Begitu pula dalam menahan lapar dan dahaga, umat Muslim diingatkan akan penderitaan kaum papa yang kerap bergulat dengan kemiskinan.
Dalam kondisi tersebut, terang Suhardi, hal ini membangun empati yang pada gilirannya mendorong kesadaran kolektif untuk berbagi dan membantu sesama.

“Spirit Ramadhan mengarahkan individu dan masyarakat pada kepedulian sosial yang konkret, seperti berbagi makanan melalui zakat dan sedekah, yang tidak hanya meringankan beban ekonomi kelompok rentan, tetapi juga menyeimbangkan distribusi kesejahteraan,” jelasnya.
Lebih jauh, Suhardi menerangkan, nilai-nilai Ramadhan juga memiliki implikasi terhadap kehidupan ekonomi bangsa.

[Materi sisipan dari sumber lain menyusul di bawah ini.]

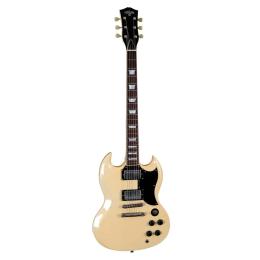 Guitarra eléctrica Maybach Albatroz ’65-2 Vintage Cream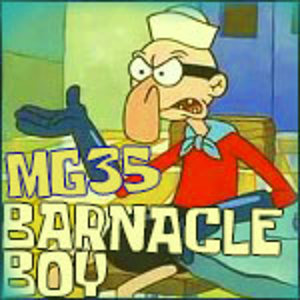 MG 35 Barnacle Boy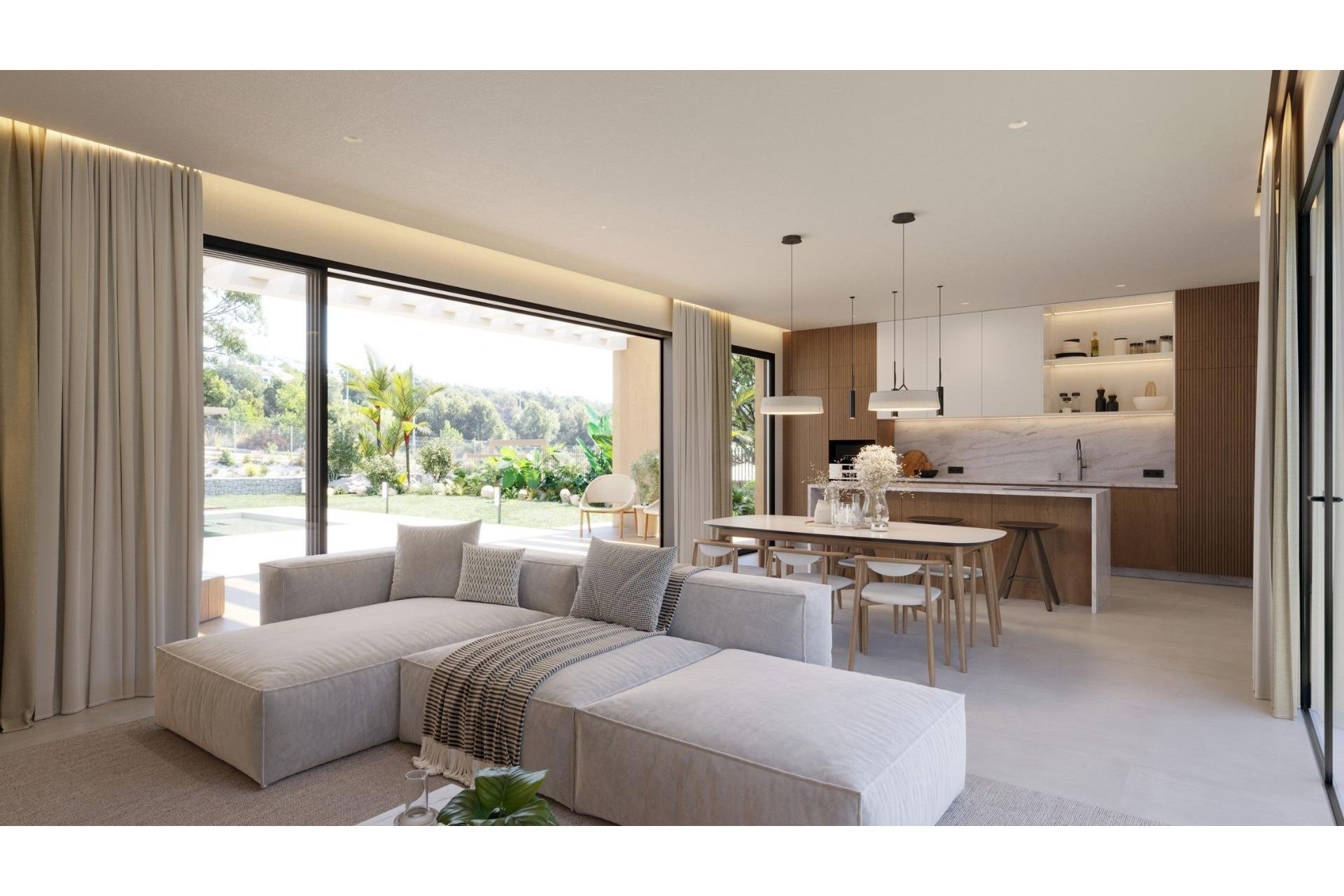 Obra nueva - Villa - Finestrat - Finestrat Urbanizaciones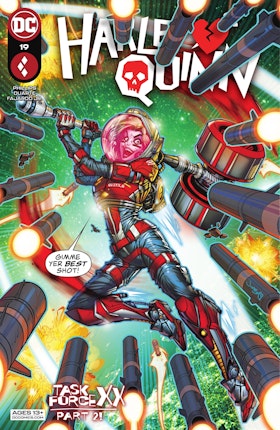 Harley Quinn #19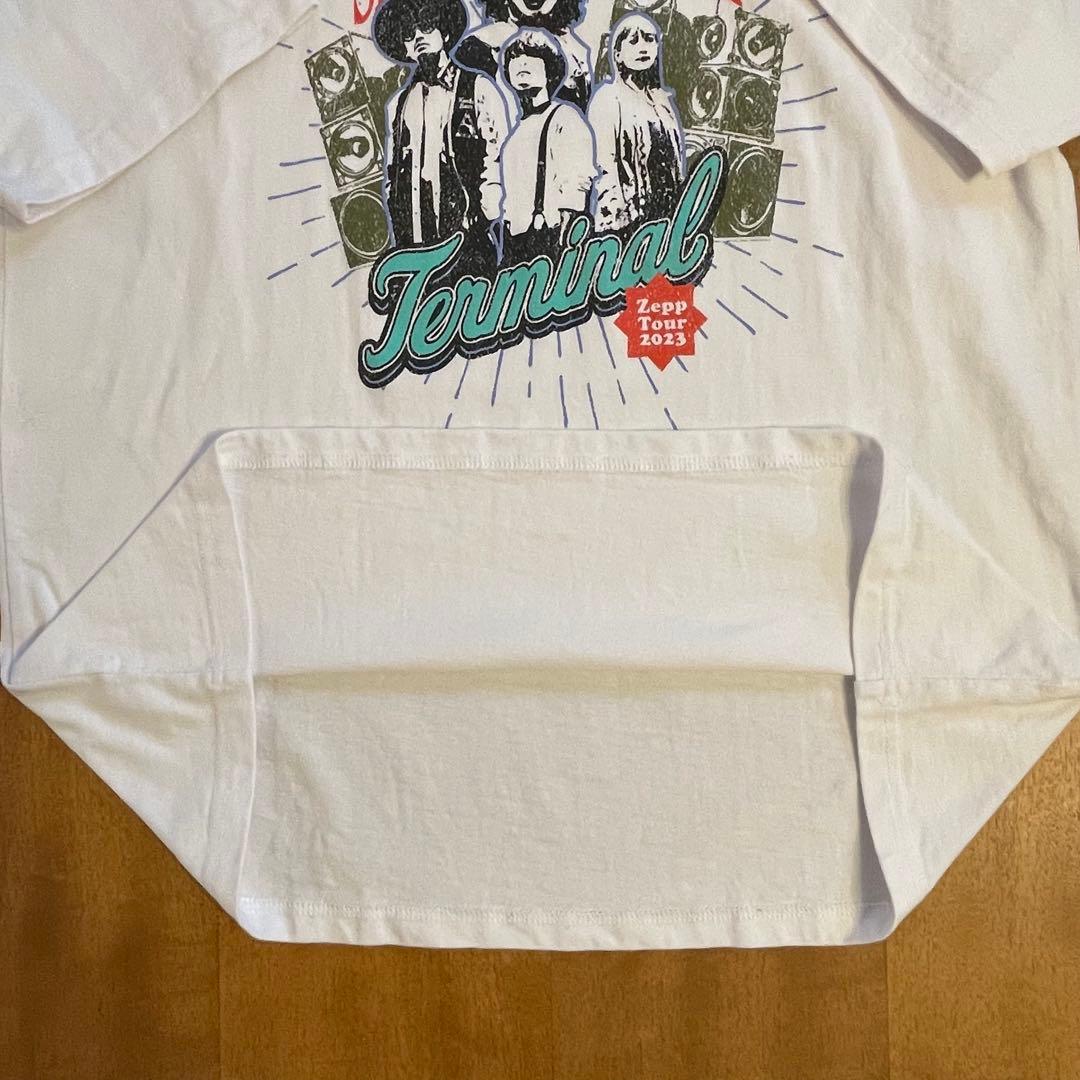 匿名発送 セカオワ Terminal ツアーTシャツ Mサイズ ホワイト 白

Tradisi berbagi yang meningkat selama bulan suci ini mempercepat sirkulasi ekonomi, baik melalui konsumsi rumah tangga maupun donasi sosial.
Ramadhan mendorong aktivitas ekonomi yang tidak hanya berorientasi pada keuntungan pribadi, tetapi juga membawa manfaat bagi komunitas luas. Peningkatan kegiatan amal, belanja kebutuhan pokok, serta distribusi zakat dan infak menciptakan perputaran ekonomi yang berorientasi pada keadilan sosial.
“Dengan demikian, Ramadhan menjadi instrumen penyatu bagaimana nilai-nilai spiritual dapat bersinergi dengan aspek material dalam membangun kesejahteraan nasional,” imbuhnya.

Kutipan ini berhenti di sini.